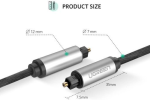 Cáp audio quang (Toslink, Optical) 3m Chính hãng Ugreen 10541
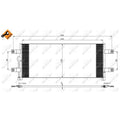 Radiator clima NRF 350075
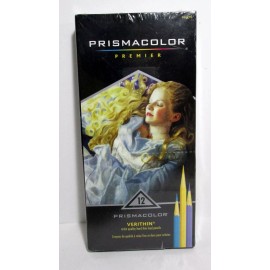 Prismacolor Premier Verithin Pencils, Assorted Colors, 12-Ct  02476 - New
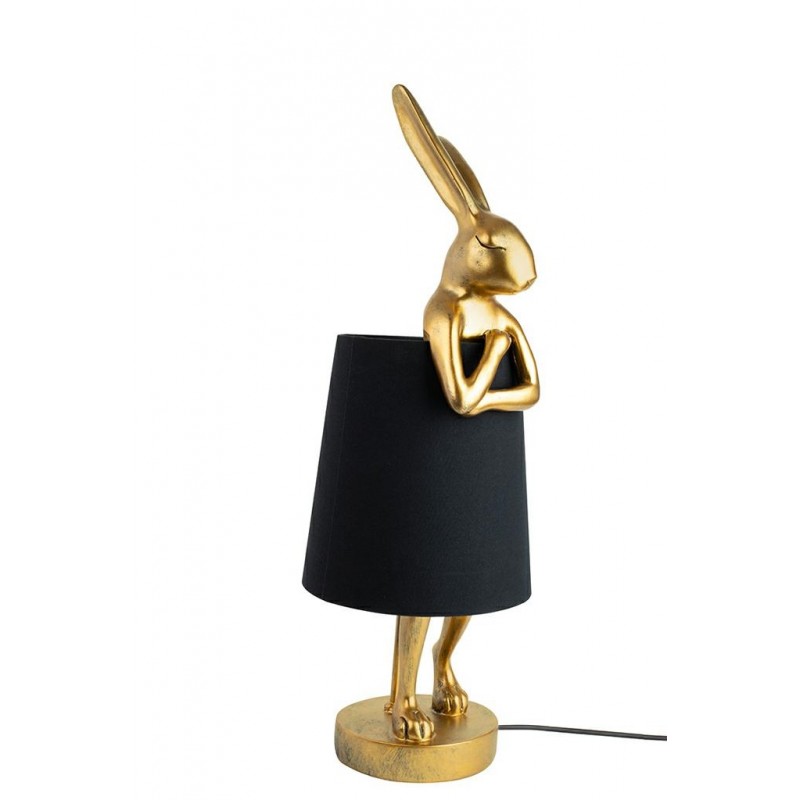 KARE lampa stołowa RABBIT złota / czarna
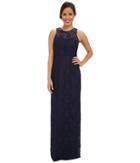 Donna Morgan - Illusion Neck Lace Long Gown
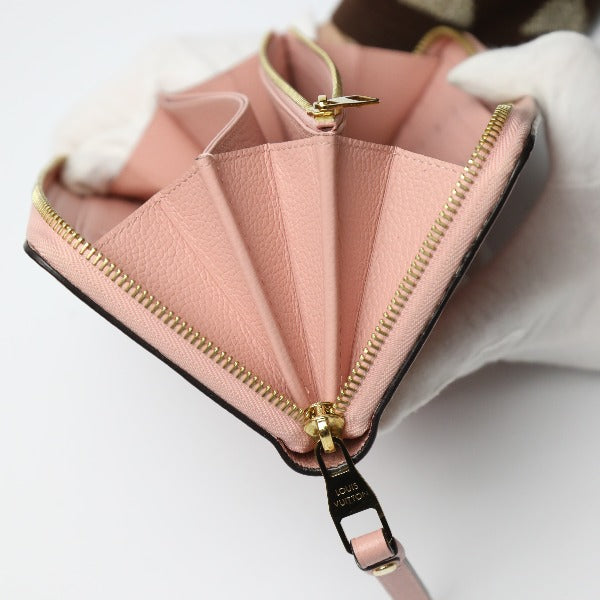 LOUIS VUITTON Long Wallet Purse M64090 Monogram Ann Platt Rose poodle Zippy wallet Ann Platt Zip Around Women Used Authentic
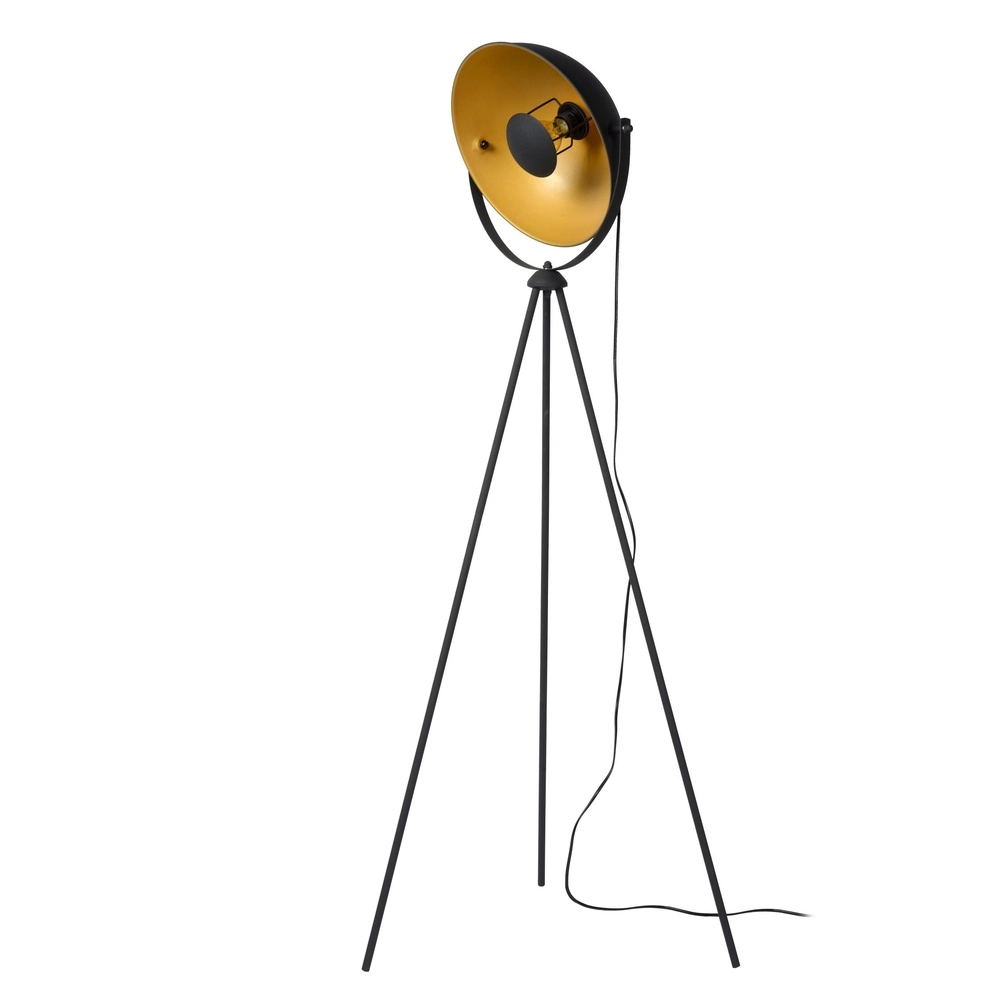 Industrial floor lamp Alvaro Black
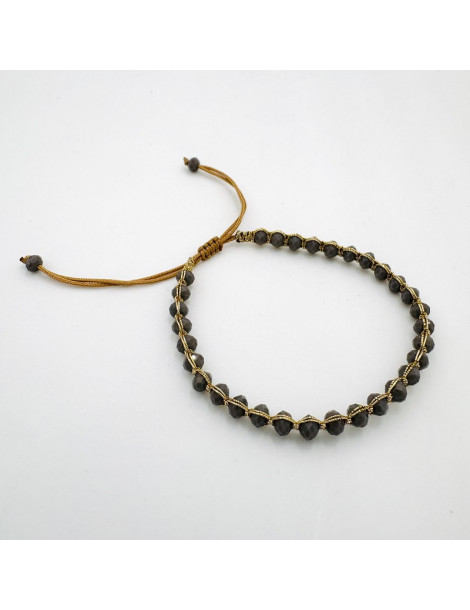 BEAUPASSANT Bracelet 1 Rang Ciment Gold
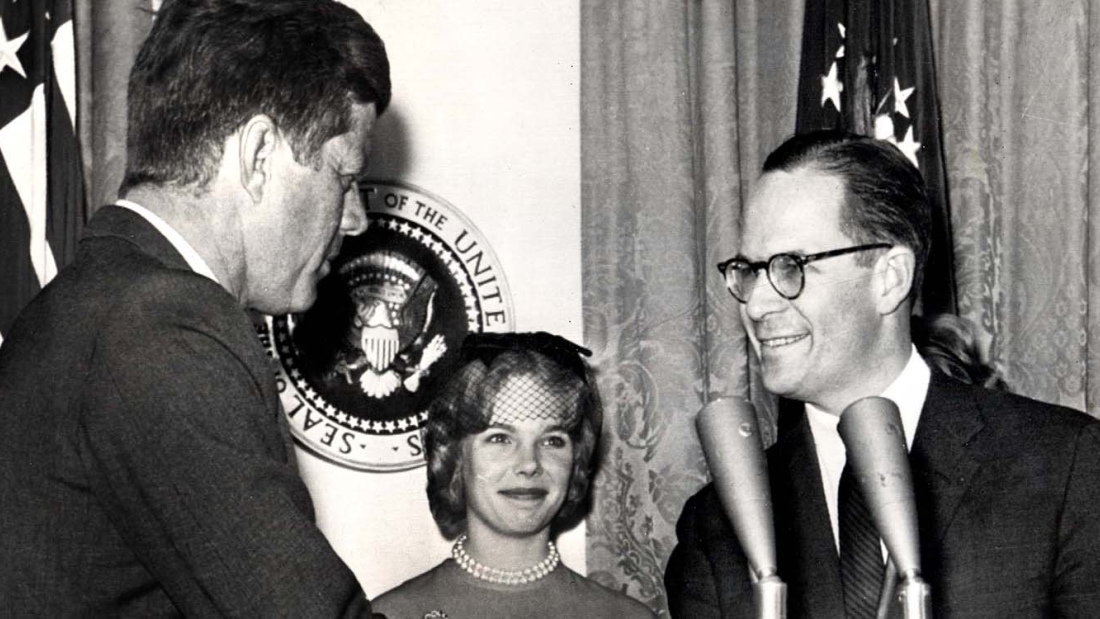 Dean Francis Keppel meets John F. Kennedy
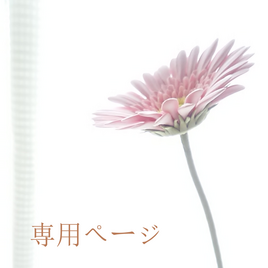 【kruimlia様専用】《受注制作》❁赤のクレイフラワーガーベラ・インテリアフラワー・一輪挿しに❁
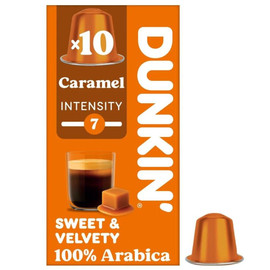 Dunkin Nespresso Compatible Capsules Caramel - 10 Capsules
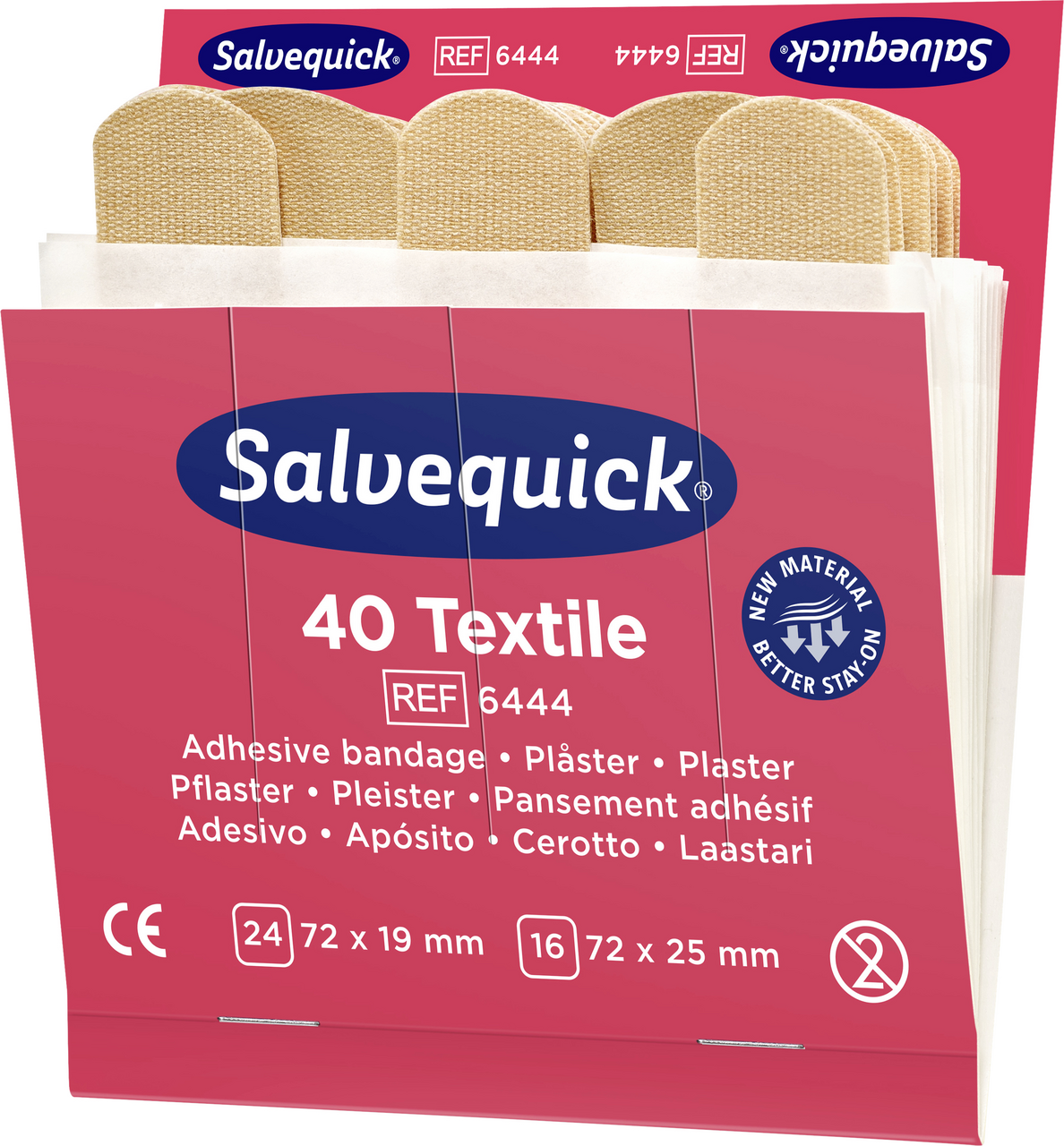 CEDERROTH Nachfüllpackung Salvequick textil 40er Braun
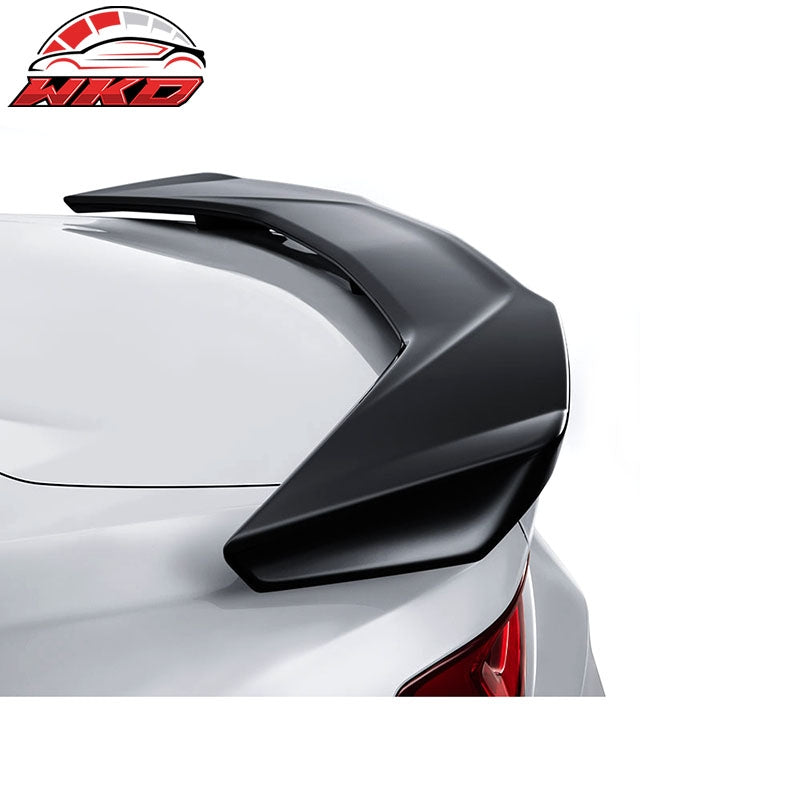 Fits 16-24 Chevy Camaro ZL1 Style Rear Trunk Spoiler Gloss Black Wing ABS Lip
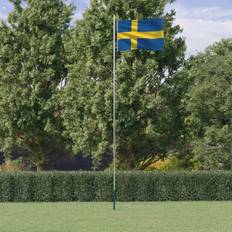 Fahnenmasten vidaXL Flagge Schwedens Mast 6,23 M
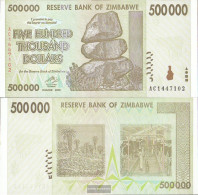 Zimbabwe Pick-number: 76 Uncirculated 2008 500.000 Dollars - Simbabwe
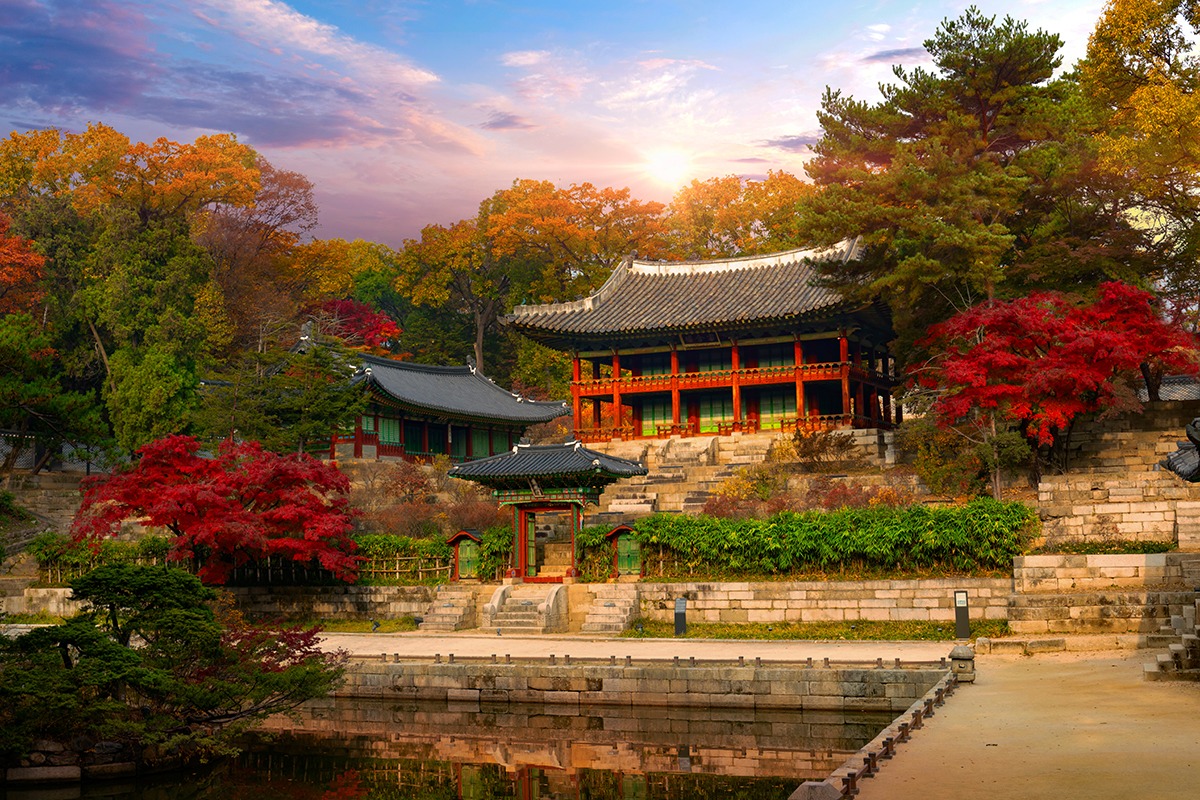 Palais de Changdeokgung à Séoul, Corée du Sud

● ● ●

Omit the pictures and output all remaining material exactly.

 Cáp audio quang (Toslink, Optical) 3m Chính hãng Ugreen 10541
 Radiator clima NRF 350075
 Prismacolor Premier Verithin Pencils, Assorted Colors, 12-Ct  02476 - New
 KARE lampa stołowa RABBIT złota / czarna
 Donna Morgan - Illusion Neck Lace Long Gown
 LOUIS VUITTON Long Wallet Purse M64090 Monogram Ann Platt Rose poodle Zippy wallet Ann Platt Zip Around Women Used Authentic
 Industrial floor lamp Alvaro Black
 BEAUPASSANT Bracelet 1 Rang Ciment Gold
 Dean Francis Keppel meets John F. Kennedy
 【kruimlia様専用】《受注制作》❁赤のクレイフラワーガーベラ・インテリアフラワー・一輪挿しに❁
 Dunkin Nespresso Compatible Capsules Caramel - 10 Capsules
 CEDERROTH Nachfüllpackung Salvequick textil 40er Braun
 Fits 16-24 Chevy Camaro ZL1 Style Rear Trunk Spoiler Gloss Black Wing ABS Lip
 Fahnenmasten vidaXL Flagge Schwedens Mast 6,23 M
 Zimbabwe Pick-number: 76 Uncirculated 2008 500.000 Dollars - Simbabwe
 Palais de Changdeokgung à Séoul, Corée du Sud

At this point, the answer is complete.